Bemerkenswert finde ich an beiden Beitraegen, dass das Wort
Chancengleichheit oder zumindest Chancenangleichung nicht einmal im Ansatz
vorkommt. Das ist naemlich der Kern meines Vorschlags. Ich stehe dazu, dass
ich mich mit bildungswissenschaftlichen Erkenntnissen gruendlich
auseinandersetze. Die PISA-Studie -- die Auseinandersetzungen mit den
konkreten Fragestellungen kann ich nur empfehlen, da wird naemlich nicht
simpels Faktenwissen geprueft -- war ein Meilenstein. Johann Bacher von der
Uni Linz hat die unterschiedlichen Leseergebnisse beim PISA-Test mit der
Dauer des Kindergartenbesuchs in Beziehung gesetzt und Erstaunliches
herausgefunden. Kinder, die einen Kindergarten laenger als ein Jahr besucht
haben, weisen gegenueber den anderen selbst im Alter von 15 einen
durchschnittlichen Vorteil von etwa einem Schuljahr auf. Ich finde, dass
sinnverstehendes Lesen, auch das kritische Hinterfragen von Texten wichtig
und notwendig ist.

Mehr als 90% der Fuenf- bis Sechsjaehrigen besuchen einen Kindergarten. Bei
den restlichen 10 % sind Kinder mit Migrationshintergrund und Kinder aus
bildungsfernen Schichten stark ueberrepraesentiert.
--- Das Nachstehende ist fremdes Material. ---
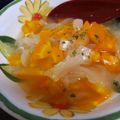 ＫＯＲＯ♪'s cooksnap of when they made 炊飯器で☆ニンジンと玉ねぎのスープ.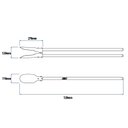 Ver imagem 2 de Cavadeira Articulada Metálica com Cabo em Madeira Tramontina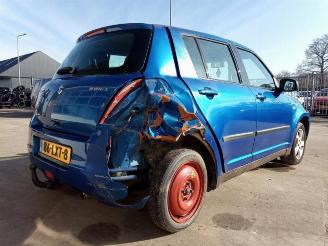 Suzuki Swift Swift (ZA/ZC/ZD1/2/3/9), Hatchback, 2005 / 2011 1.3 VVT 16V picture 7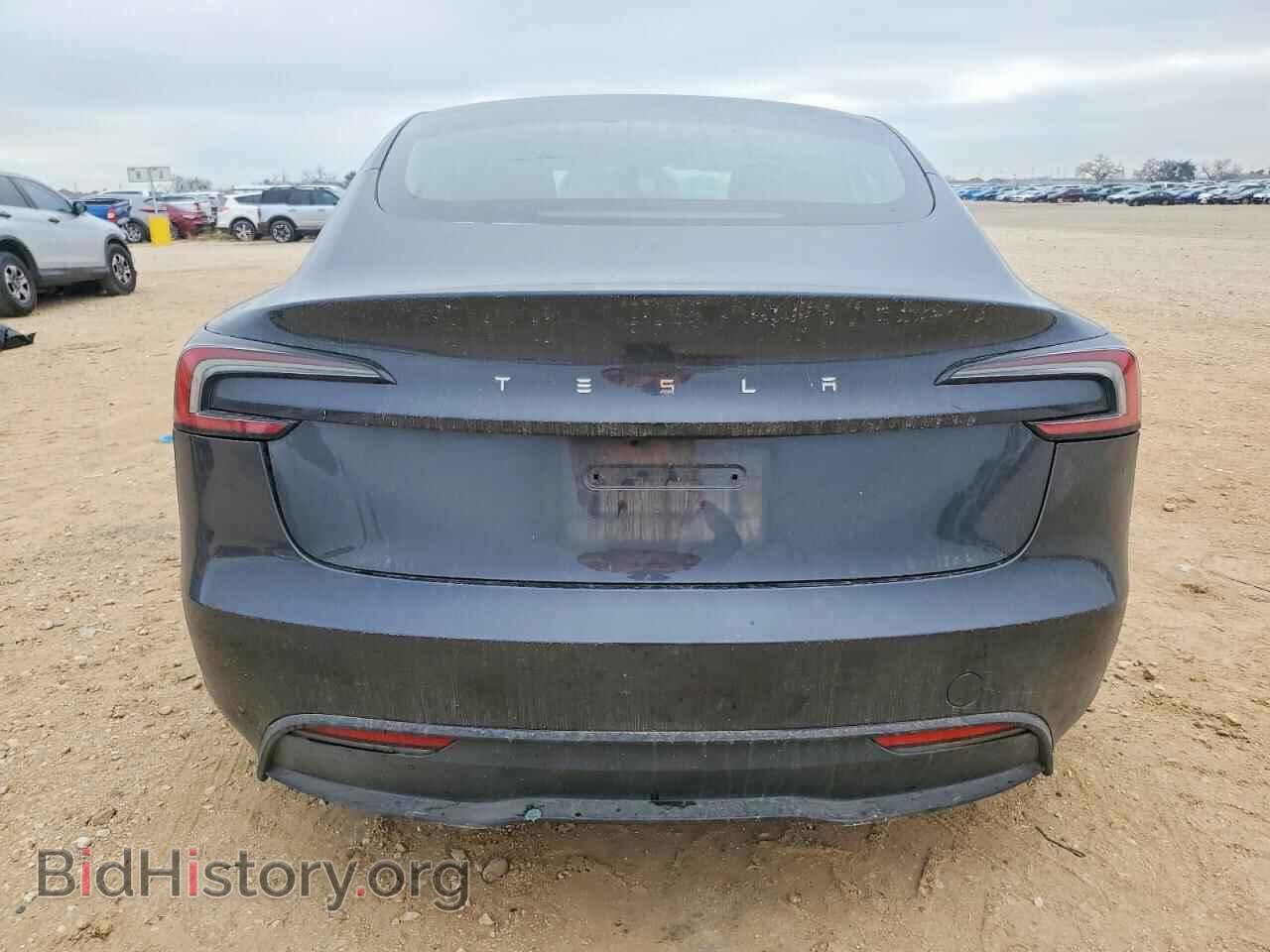 2024 TESLA MODEL 3 - VIN: 5YJ3E1EAXRF760229 - Photo 6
Meine Forderung nach
einer verpflichtenden und kostenlosen Kindergartenkernzeit von 12
Wochenstunden -- also 3 Halbtagen -- fuer die 3 bis 6jaehrigen zielt genau
darauf ab, die Bildungschancen dieser Kinder zu verbessern.
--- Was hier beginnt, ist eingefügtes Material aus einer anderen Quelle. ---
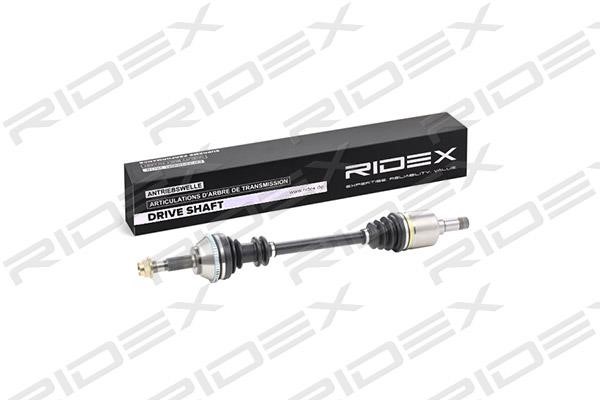 Ridex 13D0055 Drive shaft 13D0055: Buy near me in Poland at 2407.PL - Good price!
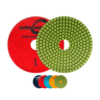 HURRICANE 3 STEP WET POLISHING SYSTEM - Detroitdiamondtools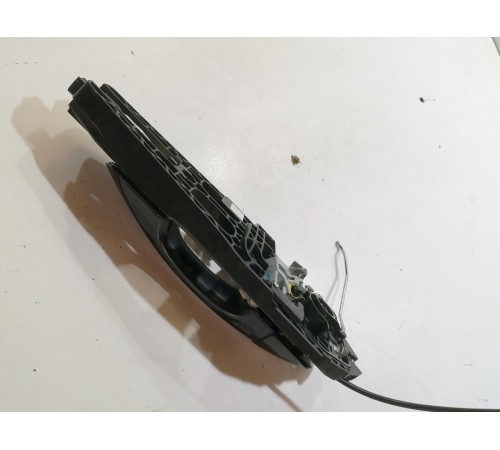 Ручка двери передняя левая наружняя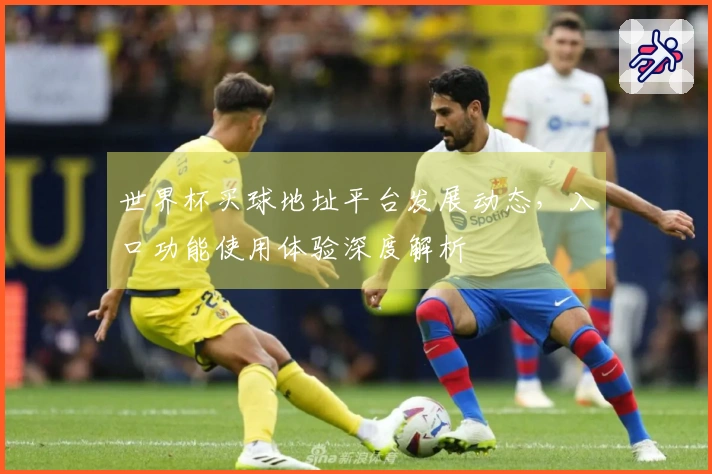 世界杯买球地址平台发展动态，入口功能使用体验深度解析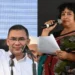 সংখ্যালঘু নির্যাতন ও বাকস্বাধীনতা নিয়ে তারেক রহমানকে তসলিমা নাসরিনের খোলা চিঠি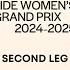 Round 8 Women S Grand Prix Second Leg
Das Konzept bedroht die Reformpaedagogik selbstverstaendlich nicht, weil nur
eine paedagogische Betreuung nachgewiesen werden muss.

Da ich weiss, dass die Laenge der Beitraege die Lesefreudigkeit eher
reduziert, moechte ich nicht im Detail auf die einzelnen Punkte eingehen.
Ich bin aber ueberrascht, wie negativ der Begriff "Lernen" in den Beitraegen
besetzt wird. Bernhard Redl moechte, dass im Kindergarten gespielt und nicht
gelernt wird. Das geht an den Realitaeten doch weit vorbei. Wenn Kinder in
den Kindergarten kommen, haben sie ihre Muttersprache und viele andere Dinge
erlernt. Kinder lernen in diesem Alter wohl am intensivsten, in
reformpaedagogischen Kindergaerten noch intensiver. Niemand bei den Gruenen
will eine Verschulung des Kindergartens. Bei aller Schwaeche des
oesterreichischen Schulsystems, in dem selbsttaetiges Lernen viel zu kurz
kommt, soziales Lernen eine untergeordnete Rolle spielt, sollte auch Platz
fuer eine Mindestmass an Allgemeinbildung sein. Sinnverstehendes Lesen,
mathematische und naturwissenschaftliche Grundkenntnisse und
Problemloesungsfaehigkeiten sind ein wichtiger Teil schulischer Bildung.
Woher soll Kritikfaehigkeit kommen, wenn die Basis dafuer nicht gelegt wird?